MacroScope

“There are human beings involved” in austerity debate

May 3, 2012

The inventors of democracy and its greatest 18th century champions both go to the polls this weekend. Greek and French voters will try to elect governments they hope will help release their economies from the grips of the euro zone debt crisis.

While exercising their democratic vote, Europeans will also be contemplating another key issue: their basic economic survival.

That is why the debate about austerity versus growth has become so important.

Financial markets see fiscal discipline as crucial to get the euro zone’s debt burden back to sustainable levels. They are going into the Greek elections favoring triple-A rated bonds over peripheral counterparts.

The premium investors require to hold French debt over German Bunds has also risen in the run-up to the French vote as Francois Hollande became the favourite to win.

But as economies fall deeper into recession and double-digit unemployment hurts prospects for growth, the view that austerity alone will not solve the euro zone debt crisis, seems to be gradually winning over some investors in the bond market – the heart of the crisis.

Sanjay Joshi, head of fixed income at London and Capital, says:

There is a gap between reality and the utopian policies that Brussles is coming out with: you cut by x percent and everything will be fine, the markets will open up and you will be OK. It doesn’t work like that because there are human beings involved and people are suffering.

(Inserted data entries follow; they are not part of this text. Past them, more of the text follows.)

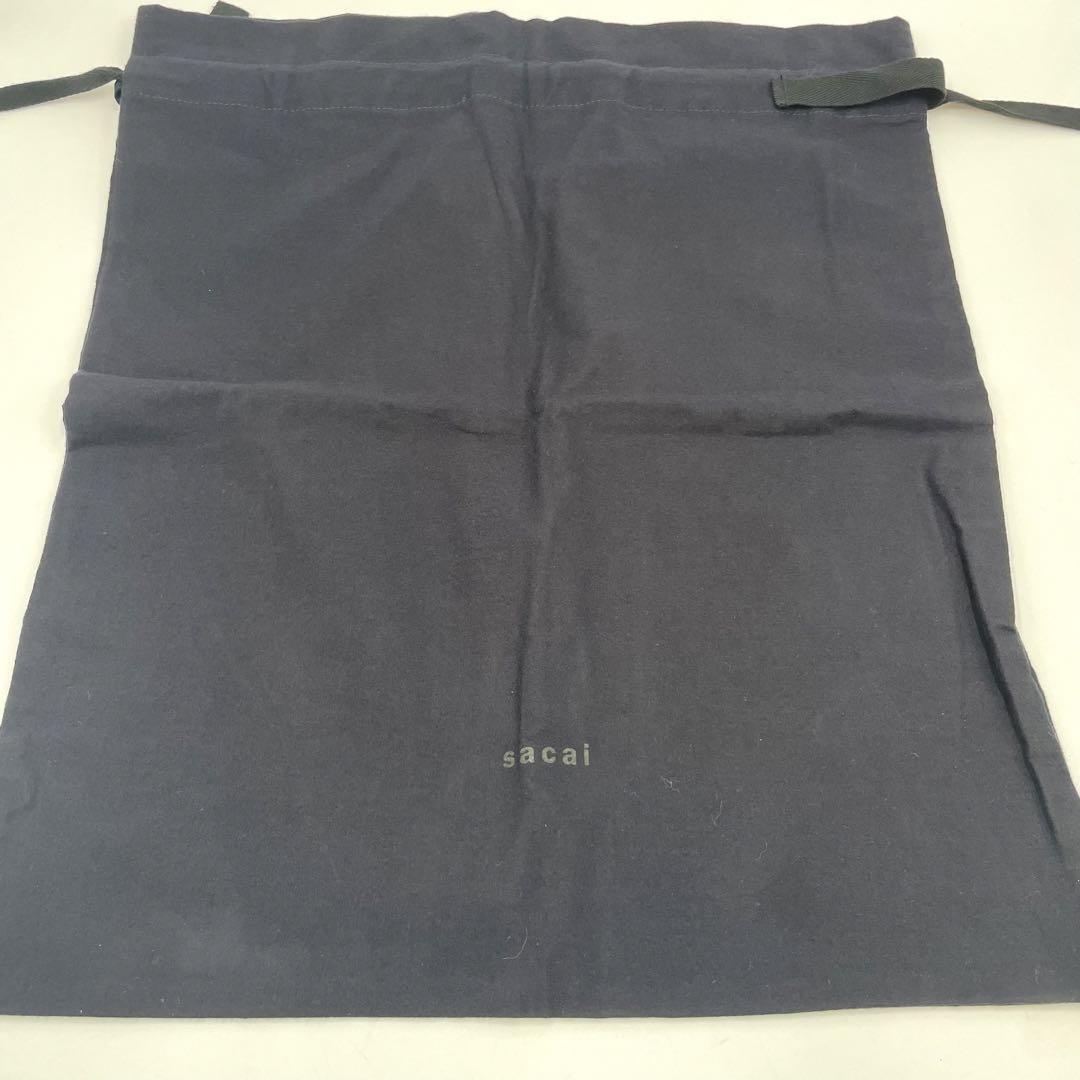 【未使用に近い】sacai サカイ ブーツ 厚底 レザー ブラック 黒 37 画像12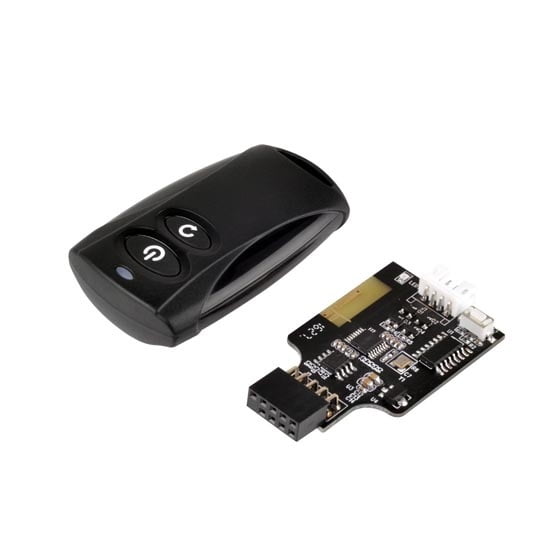 Commutateur d'Alimentation/réinitialisation d'Ordinateur Sans Fil 2,4 G, interface USB 2.0 à 9 Broches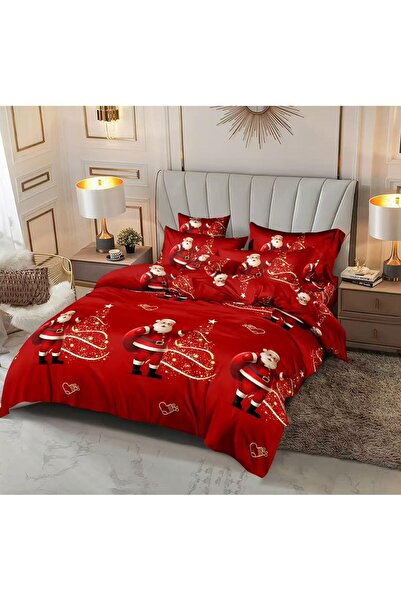 Happy Home Double bed linen, FINET, Santa Claus, without elastic, 6 pieces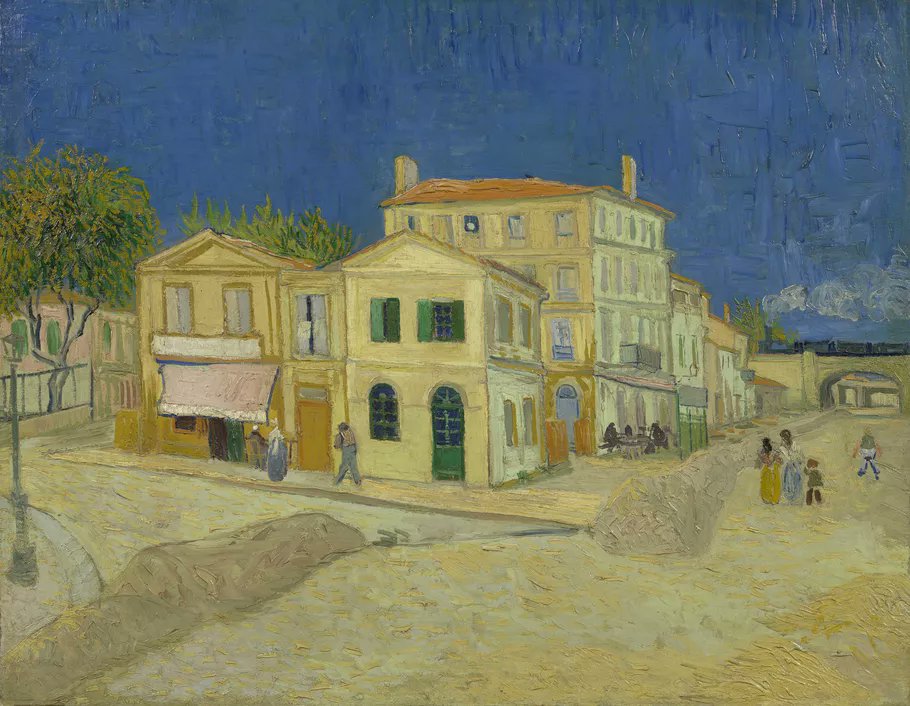 🖼️The Yellow House (The Street), 1888
🎨Vincent van Gogh

 #VincentvanGogh #ArtonFriday #painting 
 and early(!)#SundayYellow 

The artist rented an apartment in this house in #Arles: studio space, a kitchen and two small bedrooms. 

 Source: Van Gogh Museum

Only a handful of economies in the 17-member euro zone are still growing and the currency bloc as a whole is expected to languish in a mild recession until the third quarter of this year, a Reuters poll showed last month.

Unemployment in the euro zone rose to a 15-year high of 10.9 percent in March. For Spain, it hit 24.1 percent that month, a level not seen in euro zone data stretching back to 1986. Greece’s unemployment rate was nearly 22 percent in January.

For Ryan Avent at The Economist, that’s enough to officially begin calling the episode a depression.

Elisabeth Afseth, fixed income analyst at Investec says:

It is a huge issue, the (fiscal) tightening that is happening in Europe. Obviously they need to improve budget deficits and (so on), it’s not as if they can get away without it, but it’s the sole focus on that which is the problem.

That is why some are holding out hope for French front-runner Francois Hollande, who last week welcomed Germany’s call for growth measures as a sign that Europe was accepting his warning of the risk of austerity.

London and Capital’s Joshi says:

The good news for Greece could be that if Hollande does win in France that it may well change the emphasis in terms of the policy prescription that is coming out of Europe towards more growth-oriented policies which could be a silver-lining for not only Greece, but for many peripheral countries.

The main goal is to get euro zone economies growing again. For that, you need investment. According to Athanasios Ladopoulos, founding partner of Swiss Investment Managers:

What is positive for the markets is if these governments find a way, with the support of external sources, to invest in their own economies. It’s not a magic formula, it’s simple things: more investment, more employment, more salaries, more taxes, more spending, more growth for the economy.